• [What you have to do]
Nothing in the entries may differ when you return them.

• [Extracted information]

———

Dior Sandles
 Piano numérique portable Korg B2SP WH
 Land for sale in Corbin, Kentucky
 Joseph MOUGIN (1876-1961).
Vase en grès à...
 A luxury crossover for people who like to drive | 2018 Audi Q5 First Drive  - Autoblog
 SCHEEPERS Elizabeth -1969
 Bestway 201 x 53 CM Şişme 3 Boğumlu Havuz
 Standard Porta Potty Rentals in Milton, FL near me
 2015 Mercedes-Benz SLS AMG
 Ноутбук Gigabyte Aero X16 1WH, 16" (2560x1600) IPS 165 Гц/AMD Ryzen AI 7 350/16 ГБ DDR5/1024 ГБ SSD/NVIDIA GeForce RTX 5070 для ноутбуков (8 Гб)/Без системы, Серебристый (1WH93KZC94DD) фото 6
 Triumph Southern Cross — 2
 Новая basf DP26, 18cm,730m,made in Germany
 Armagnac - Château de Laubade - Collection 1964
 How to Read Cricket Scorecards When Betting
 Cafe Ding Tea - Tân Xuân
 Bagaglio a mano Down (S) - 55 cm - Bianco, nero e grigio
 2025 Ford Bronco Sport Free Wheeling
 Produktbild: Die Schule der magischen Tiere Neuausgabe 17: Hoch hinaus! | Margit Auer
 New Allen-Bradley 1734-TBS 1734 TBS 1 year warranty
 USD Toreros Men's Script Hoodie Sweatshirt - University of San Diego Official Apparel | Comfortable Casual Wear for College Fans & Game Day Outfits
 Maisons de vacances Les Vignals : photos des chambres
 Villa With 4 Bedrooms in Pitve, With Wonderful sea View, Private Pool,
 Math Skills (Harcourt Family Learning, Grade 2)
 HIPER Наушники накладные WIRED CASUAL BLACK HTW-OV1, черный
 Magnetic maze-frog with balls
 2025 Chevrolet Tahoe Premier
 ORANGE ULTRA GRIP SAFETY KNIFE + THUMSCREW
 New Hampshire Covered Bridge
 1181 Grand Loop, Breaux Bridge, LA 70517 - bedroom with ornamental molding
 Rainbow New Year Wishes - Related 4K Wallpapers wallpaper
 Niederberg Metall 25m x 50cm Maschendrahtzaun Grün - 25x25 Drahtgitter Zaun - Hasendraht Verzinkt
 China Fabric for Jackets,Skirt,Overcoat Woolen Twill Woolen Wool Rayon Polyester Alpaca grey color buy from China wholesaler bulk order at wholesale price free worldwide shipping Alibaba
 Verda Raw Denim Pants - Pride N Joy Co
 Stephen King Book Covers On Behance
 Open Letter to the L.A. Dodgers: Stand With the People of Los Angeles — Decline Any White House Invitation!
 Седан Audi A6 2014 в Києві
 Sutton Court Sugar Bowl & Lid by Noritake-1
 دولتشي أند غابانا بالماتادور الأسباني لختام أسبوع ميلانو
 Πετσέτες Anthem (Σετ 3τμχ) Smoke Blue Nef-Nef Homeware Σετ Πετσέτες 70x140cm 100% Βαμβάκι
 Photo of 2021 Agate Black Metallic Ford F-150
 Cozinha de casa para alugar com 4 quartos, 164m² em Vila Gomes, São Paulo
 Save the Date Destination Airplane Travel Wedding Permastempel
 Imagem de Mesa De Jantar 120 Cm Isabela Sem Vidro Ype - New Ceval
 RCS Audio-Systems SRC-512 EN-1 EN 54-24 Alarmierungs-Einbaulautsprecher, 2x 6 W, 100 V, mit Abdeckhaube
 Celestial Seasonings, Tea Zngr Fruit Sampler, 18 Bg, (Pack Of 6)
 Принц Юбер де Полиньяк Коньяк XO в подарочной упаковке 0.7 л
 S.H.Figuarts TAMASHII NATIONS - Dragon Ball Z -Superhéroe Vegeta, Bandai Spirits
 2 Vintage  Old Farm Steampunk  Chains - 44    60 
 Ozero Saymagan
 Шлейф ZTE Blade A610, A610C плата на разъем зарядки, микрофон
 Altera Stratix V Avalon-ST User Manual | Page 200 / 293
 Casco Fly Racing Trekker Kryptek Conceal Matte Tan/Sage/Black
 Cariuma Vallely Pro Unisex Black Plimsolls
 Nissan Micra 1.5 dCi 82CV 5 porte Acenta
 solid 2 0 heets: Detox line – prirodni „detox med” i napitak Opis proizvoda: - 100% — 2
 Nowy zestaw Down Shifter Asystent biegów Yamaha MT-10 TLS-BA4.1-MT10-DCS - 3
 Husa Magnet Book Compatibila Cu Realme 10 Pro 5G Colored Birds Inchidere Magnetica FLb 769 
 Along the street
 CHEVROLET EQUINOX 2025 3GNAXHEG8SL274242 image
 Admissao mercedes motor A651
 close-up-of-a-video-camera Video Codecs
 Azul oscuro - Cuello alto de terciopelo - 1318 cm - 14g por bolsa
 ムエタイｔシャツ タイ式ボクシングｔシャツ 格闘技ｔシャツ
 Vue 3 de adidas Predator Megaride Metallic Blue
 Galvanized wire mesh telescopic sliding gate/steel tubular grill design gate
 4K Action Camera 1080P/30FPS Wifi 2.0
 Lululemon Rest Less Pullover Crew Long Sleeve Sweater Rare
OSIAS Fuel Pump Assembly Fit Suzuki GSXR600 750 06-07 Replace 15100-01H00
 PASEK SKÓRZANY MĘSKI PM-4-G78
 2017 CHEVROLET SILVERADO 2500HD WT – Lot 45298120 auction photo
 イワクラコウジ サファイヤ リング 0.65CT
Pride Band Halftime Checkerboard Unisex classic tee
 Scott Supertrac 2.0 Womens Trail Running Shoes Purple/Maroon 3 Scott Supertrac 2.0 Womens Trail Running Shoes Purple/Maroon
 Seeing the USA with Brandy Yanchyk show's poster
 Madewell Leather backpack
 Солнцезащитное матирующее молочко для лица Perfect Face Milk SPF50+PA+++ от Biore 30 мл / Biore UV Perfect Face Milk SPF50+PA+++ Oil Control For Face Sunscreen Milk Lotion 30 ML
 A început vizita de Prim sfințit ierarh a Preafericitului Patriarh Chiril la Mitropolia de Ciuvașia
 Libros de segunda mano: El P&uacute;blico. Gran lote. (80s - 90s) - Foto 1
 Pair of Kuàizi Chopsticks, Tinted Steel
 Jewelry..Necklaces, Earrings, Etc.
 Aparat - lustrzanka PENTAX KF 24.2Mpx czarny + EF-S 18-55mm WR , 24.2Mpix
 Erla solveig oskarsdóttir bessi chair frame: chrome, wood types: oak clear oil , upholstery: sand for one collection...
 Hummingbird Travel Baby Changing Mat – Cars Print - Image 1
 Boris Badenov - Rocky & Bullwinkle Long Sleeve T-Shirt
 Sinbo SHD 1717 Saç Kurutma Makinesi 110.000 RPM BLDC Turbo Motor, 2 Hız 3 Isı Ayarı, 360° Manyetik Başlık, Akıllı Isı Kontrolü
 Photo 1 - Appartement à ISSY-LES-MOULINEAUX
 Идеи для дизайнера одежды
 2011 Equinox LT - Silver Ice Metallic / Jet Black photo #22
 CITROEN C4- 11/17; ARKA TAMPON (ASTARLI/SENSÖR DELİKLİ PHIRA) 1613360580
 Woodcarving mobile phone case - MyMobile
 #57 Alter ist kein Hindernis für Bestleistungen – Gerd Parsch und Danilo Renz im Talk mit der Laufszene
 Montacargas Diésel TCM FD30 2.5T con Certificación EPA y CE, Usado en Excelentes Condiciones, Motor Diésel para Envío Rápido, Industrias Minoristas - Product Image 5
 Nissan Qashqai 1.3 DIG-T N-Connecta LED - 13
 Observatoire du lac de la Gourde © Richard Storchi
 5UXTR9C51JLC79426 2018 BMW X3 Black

———

• [Your response]
Dior Sandles
 Piano numérique portable Korg B2SP WH
 Land for sale in Corbin, Kentucky
 Joseph MOUGIN (1876-1961).
Vase en grès à...
 A luxury crossover for people who like to drive | 2018 Audi Q5 First Drive  - Autoblog
 SCHEEPERS Elizabeth -1969
 Bestway 201 x 53 CM Şişme 3 Boğumlu Havuz
 Standard Porta Potty Rentals in Milton, FL near me
 2015 Mercedes-Benz SLS AMG
 Ноутбук Gigabyte Aero X16 1WH, 16" (2560x1600) IPS 165 Гц/AMD Ryzen AI 7 350/16 ГБ DDR5/1024 ГБ SSD/NVIDIA GeForce RTX 5070 для ноутбуков (8 Гб)/Без системы, Серебристый (1WH93KZC94DD) фото 6
 Triumph Southern Cross — 2
 Новая basf DP26, 18cm,730m,made in Germany
 Armagnac - Château de Laubade - Collection 1964
 How to Read Cricket Scorecards When Betting
 Cafe Ding Tea - Tân Xuân
 Bagaglio a mano Down (S) - 55 cm - Bianco, nero e grigio
 2025 Ford Bronco Sport Free Wheeling
 Produktbild: Die Schule der magischen Tiere Neuausgabe 17: Hoch hinaus! | Margit Auer
 New Allen-Bradley 1734-TBS 1734 TBS 1 year warranty
 USD Toreros Men's Script Hoodie Sweatshirt - University of San Diego Official Apparel | Comfortable Casual Wear for College Fans & Game Day Outfits
 Maisons de vacances Les Vignals : photos des chambres
 Villa With 4 Bedrooms in Pitve, With Wonderful sea View, Private Pool,
 Math Skills (Harcourt Family Learning, Grade 2)
 HIPER Наушники накладные WIRED CASUAL BLACK HTW-OV1, черный
 Magnetic maze-frog with balls
 2025 Chevrolet Tahoe Premier
 ORANGE ULTRA GRIP SAFETY KNIFE + THUMSCREW
 New Hampshire Covered Bridge
 1181 Grand Loop, Breaux Bridge, LA 70517 - bedroom with ornamental molding
 Rainbow New Year Wishes - Related 4K Wallpapers wallpaper
 Niederberg Metall 25m x 50cm Maschendrahtzaun Grün - 25x25 Drahtgitter Zaun - Hasendraht Verzinkt
 China Fabric for Jackets,Skirt,Overcoat Woolen Twill Woolen Wool Rayon Polyester Alpaca grey color buy from China wholesaler bulk order at wholesale price free worldwide shipping Alibaba
 Verda Raw Denim Pants - Pride N Joy Co
 Stephen King Book Covers On Behance
 Open Letter to the L.A. Dodgers: Stand With the People of Los Angeles — Decline Any White House Invitation!
 Седан Audi A6 2014 в Києві
 Sutton Court Sugar Bowl & Lid by Noritake-1
 دولتشي أند غابانا بالماتادور الأسباني لختام أسبوع ميلانو
 Πετσέτες Anthem (Σετ 3τμχ) Smoke Blue Nef-Nef Homeware Σετ Πετσέτες 70x140cm 100% Βαμβάκι
 Photo of 2021 Agate Black Metallic Ford F-150
 Cozinha de casa para alugar com 4 quartos, 164m² em Vila Gomes, São Paulo
 Save the Date Destination Airplane Travel Wedding Permastempel
 Imagem de Mesa De Jantar 120 Cm Isabela Sem Vidro Ype - New Ceval
 RCS Audio-Systems SRC-512 EN-1 EN 54-24 Alarmierungs-Einbaulautsprecher, 2x 6 W, 100 V, mit Abdeckhaube
 Celestial Seasonings, Tea Zngr Fruit Sampler, 18 Bg, (Pack Of 6)
 Принц Юбер де Полиньяк Коньяк XO в подарочной упаковке 0.7 л
 S.H.Figuarts TAMASHII NATIONS - Dragon Ball Z -Superhéroe Vegeta, Bandai Spirits
 2 Vintage  Old Farm Steampunk  Chains - 44    60 
 Ozero Saymagan
 Шлейф ZTE Blade A610, A610C плата на разъем зарядки, микрофон
 Altera Stratix V Avalon-ST User Manual | Page 200 / 293
 Casco Fly Racing Trekker Kryptek Conceal Matte Tan/Sage/Black
 Cariuma Vallely Pro Unisex Black Plimsolls
 Nissan Micra 1.5 dCi 82CV 5 porte Acenta
 solid 2 0 heets: Detox line – prirodni „detox med” i napitak Opis proizvoda: - 100% — 2
 Nowy zestaw Down Shifter Asystent biegów Yamaha MT-10 TLS-BA4.1-MT10-DCS - 3
 Husa Magnet Book Compatibila Cu Realme 10 Pro 5G Colored Birds Inchidere Magnetica FLb 769 
 Along the street
 CHEVROLET EQUINOX 2025 3GNAXHEG8SL274242 image
 Admissao mercedes motor A651
 close-up-of-a-video-camera Video Codecs
 Azul oscuro - Cuello alto de terciopelo - 1318 cm - 14g por bolsa
 ムエタイｔシャツ タイ式ボクシングｔシャツ 格闘技ｔシャツ
 Vue 3 de adidas Predator Megaride Metallic Blue
 Galvanized wire mesh telescopic sliding gate/steel tubular grill design gate
 4K Action Camera 1080P/30FPS Wifi 2.0
 Lululemon Rest Less Pullover Crew Long Sleeve Sweater Rare
OSIAS Fuel Pump Assembly Fit Suzuki GSXR600 750 06-07 Replace 15100-01H00
 PASEK SKÓRZANY MĘSKI PM-4-G78
 2017 CHEVROLET SILVERADO 2500HD WT – Lot 45298120 auction photo
 イワクラコウジ サファイヤ リング 0.65CT
Pride Band Halftime Checkerboard Unisex classic tee
 Scott Supertrac 2.0 Womens Trail Running Shoes Purple/Maroon 3 Scott Supertrac 2.0 Womens Trail Running Shoes Purple/Maroon
 Seeing the USA with Brandy Yanchyk show's poster
 Madewell Leather backpack
 Солнцезащитное матирующее молочко для лица Perfect Face Milk SPF50+PA+++ от Biore 30 мл / Biore UV Perfect Face Milk SPF50+PA+++ Oil Control For Face Sunscreen Milk Lotion 30 ML
 A început vizita de Prim sfințit ierarh a Preafericitului Patriarh Chiril la Mitropolia de Ciuvașia
 Libros de segunda mano: El P&uacute;blico. Gran lote. (80s - 90s) - Foto 1
 Pair of Kuàizi Chopsticks, Tinted Steel
 Jewelry..Necklaces, Earrings, Etc.
 Aparat - lustrzanka PENTAX KF 24.2Mpx czarny + EF-S 18-55mm WR , 24.2Mpix
 Erla solveig oskarsdóttir bessi chair frame: chrome, wood types: oak clear oil , upholstery: sand for one collection...
 Hummingbird Travel Baby Changing Mat – Cars Print - Image 1
 Boris Badenov - Rocky & Bullwinkle Long Sleeve T-Shirt
 Sinbo SHD 1717 Saç Kurutma Makinesi 110.000 RPM BLDC Turbo Motor, 2 Hız 3 Isı Ayarı, 360° Manyetik Başlık, Akıllı Isı Kontrolü
 Photo 1 - Appartement à ISSY-LES-MOULINEAUX
 Идеи для дизайнера одежды
 2011 Equinox LT - Silver Ice Metallic / Jet Black photo #22
 CITROEN C4- 11/17; ARKA TAMPON (ASTARLI/SENSÖR DELİKLİ PHIRA) 1613360580
 Woodcarving mobile phone case - MyMobile
 #57 Alter ist kein Hindernis für Bestleistungen – Gerd Parsch und Danilo Renz im Talk mit der Laufszene
 Montacargas Diésel TCM FD30 2.5T con Certificación EPA y CE, Usado en Excelentes Condiciones, Motor Diésel para Envío Rápido, Industrias Minoristas - Product Image 5
 Nissan Qashqai 1.3 DIG-T N-Connecta LED - 13
 Observatoire du lac de la Gourde © Richard Storchi
 5UXTR9C51JLC79426 2018 BMW X3 Black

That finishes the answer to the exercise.